1. In deze uitspraak beslist de voorzieningenrechter op het verzoek om een voorlopige voorziening van verzoekers tegen de afwijzing van de aanvraag van verzoekers.
1.1.
Omdat het verzoek kennelijk niet-ontvankelijk is doet de voorzieningenrechter uitspraak zonder zitting. Artikel 8:83, derde lid, van de Algemene wet bestuursrecht (Awb) maakt dat mogelijk. De voorzieningenrechter legt hierna uit waarom het verzoek kennelijk niet-ontvankelijk is.
1.2.
De minister heeft op 6 mei 2025 beslist op het bezwaarschrift.
1.3.
Verzoekers hebben aangegeven geen beroep in te stellen tegen de beslissing op het bezwaarschrift.

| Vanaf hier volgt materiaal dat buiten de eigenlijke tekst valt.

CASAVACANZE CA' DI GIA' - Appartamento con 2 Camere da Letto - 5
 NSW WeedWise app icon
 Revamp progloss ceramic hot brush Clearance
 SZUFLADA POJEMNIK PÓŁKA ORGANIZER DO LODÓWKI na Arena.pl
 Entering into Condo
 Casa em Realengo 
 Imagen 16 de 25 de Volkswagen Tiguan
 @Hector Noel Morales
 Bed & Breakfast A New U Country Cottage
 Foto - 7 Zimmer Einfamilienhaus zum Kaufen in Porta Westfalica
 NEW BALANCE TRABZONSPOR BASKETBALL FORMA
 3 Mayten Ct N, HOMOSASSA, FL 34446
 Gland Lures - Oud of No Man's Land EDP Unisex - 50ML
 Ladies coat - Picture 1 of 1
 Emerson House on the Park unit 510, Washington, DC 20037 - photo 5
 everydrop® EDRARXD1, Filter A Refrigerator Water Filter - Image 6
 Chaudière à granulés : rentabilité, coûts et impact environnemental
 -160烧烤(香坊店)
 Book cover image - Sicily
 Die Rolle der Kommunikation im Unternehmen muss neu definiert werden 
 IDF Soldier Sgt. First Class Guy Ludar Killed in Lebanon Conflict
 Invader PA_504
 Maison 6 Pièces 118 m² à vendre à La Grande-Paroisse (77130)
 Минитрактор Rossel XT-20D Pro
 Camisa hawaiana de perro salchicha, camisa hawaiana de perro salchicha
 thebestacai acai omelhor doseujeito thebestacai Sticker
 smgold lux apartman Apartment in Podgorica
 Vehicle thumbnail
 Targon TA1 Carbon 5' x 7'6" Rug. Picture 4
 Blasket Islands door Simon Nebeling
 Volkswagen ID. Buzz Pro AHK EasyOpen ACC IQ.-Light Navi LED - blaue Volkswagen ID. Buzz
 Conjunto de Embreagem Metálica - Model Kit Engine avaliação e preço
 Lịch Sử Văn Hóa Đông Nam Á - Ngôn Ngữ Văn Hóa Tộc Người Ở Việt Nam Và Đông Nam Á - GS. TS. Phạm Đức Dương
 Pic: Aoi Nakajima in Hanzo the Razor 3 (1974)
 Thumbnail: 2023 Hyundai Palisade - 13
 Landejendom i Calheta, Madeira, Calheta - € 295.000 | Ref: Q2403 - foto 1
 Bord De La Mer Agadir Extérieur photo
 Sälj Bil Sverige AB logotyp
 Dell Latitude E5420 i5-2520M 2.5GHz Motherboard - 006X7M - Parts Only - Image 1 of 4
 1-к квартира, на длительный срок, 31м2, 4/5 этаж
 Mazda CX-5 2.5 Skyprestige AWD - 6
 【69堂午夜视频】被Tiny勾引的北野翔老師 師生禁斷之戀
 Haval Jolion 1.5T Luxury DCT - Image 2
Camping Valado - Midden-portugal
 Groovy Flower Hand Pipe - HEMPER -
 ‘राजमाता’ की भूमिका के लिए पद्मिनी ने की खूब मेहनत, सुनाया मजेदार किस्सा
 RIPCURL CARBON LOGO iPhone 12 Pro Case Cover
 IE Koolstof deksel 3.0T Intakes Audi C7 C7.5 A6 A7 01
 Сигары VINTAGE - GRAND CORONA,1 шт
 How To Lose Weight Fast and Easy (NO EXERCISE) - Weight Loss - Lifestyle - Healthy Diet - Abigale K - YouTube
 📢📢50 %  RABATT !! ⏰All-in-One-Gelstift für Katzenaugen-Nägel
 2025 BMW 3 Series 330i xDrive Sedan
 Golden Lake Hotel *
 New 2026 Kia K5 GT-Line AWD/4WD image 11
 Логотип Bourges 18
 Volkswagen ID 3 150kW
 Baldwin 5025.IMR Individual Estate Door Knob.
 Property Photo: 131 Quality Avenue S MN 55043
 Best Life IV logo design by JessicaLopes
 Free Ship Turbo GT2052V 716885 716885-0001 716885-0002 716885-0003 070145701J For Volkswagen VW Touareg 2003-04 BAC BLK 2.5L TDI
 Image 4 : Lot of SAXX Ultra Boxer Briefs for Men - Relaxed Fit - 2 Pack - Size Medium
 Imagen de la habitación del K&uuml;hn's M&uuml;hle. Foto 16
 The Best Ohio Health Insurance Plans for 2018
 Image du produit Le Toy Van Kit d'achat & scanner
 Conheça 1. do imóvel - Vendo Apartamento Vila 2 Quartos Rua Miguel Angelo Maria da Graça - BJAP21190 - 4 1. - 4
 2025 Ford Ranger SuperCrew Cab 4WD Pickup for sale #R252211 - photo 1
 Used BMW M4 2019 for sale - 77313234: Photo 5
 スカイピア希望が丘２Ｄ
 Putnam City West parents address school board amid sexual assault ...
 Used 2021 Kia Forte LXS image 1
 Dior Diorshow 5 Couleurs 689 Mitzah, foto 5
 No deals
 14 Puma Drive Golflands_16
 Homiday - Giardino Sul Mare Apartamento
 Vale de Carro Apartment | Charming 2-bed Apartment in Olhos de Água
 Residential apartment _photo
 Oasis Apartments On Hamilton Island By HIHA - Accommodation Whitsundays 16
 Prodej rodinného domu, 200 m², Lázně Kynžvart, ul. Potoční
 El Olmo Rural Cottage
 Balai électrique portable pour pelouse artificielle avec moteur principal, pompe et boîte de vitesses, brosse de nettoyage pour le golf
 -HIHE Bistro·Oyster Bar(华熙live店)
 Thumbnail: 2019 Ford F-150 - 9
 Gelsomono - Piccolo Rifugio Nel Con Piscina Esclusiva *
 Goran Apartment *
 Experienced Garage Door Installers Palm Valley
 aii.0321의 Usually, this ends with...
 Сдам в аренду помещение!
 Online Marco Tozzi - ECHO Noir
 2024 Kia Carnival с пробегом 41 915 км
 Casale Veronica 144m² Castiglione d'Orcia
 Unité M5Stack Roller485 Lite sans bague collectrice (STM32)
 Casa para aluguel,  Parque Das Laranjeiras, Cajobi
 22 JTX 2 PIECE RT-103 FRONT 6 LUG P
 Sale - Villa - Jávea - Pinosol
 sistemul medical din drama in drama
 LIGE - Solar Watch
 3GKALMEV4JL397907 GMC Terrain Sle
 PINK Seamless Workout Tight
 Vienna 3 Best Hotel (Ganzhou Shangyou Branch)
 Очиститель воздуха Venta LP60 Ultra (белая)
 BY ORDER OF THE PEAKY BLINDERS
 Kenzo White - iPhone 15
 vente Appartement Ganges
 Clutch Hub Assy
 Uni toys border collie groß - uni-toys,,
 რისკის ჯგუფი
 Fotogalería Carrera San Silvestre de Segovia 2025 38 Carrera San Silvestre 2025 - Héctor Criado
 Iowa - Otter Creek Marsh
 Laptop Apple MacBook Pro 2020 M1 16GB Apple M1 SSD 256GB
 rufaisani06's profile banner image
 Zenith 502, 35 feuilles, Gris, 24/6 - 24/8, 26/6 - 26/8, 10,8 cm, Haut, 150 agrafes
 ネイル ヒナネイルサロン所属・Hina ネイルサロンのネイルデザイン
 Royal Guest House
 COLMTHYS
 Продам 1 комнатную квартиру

Beoordeling door de voorzieningenrechter

2. Het verzoek om voorlopige voorziening gaat over het primaire besluit en het besluit op het bezwaar tegen dat besluit. Tegen dat laatste besluit loopt geen beroepsprocedure. Alleen als dat wel het geval is, kan iemand een verzoek om voorlopige voorziening doen.

Conclusie en gevolgen

3. Het verzoek is daarom kennelijk niet-ontvankelijk. Dat betekent dat de voorzieningenrechter het verzoek niet inhoudelijk beoordeelt. Voor een proceskostenveroordeling bestaat geen aanleiding.

Beslissing

De voorzieningenrechter verklaart het verzoek om voorlopige voorziening niet-ontvankelijk.
Deze uitspraak is gedaan door mr. F. Sijens, voorzieningenrechter, in aanwezigheid van M.E.M. Bruining, griffier, en openbaar gemaakt door middel van gepseudonimiseerde publicatie op rechtspraak.nl.
De uitspraak is uitgesproken in het openbaar en bekendgemaakt op:
Tegen deze uitspraak staat geen hoger beroep of verzet open.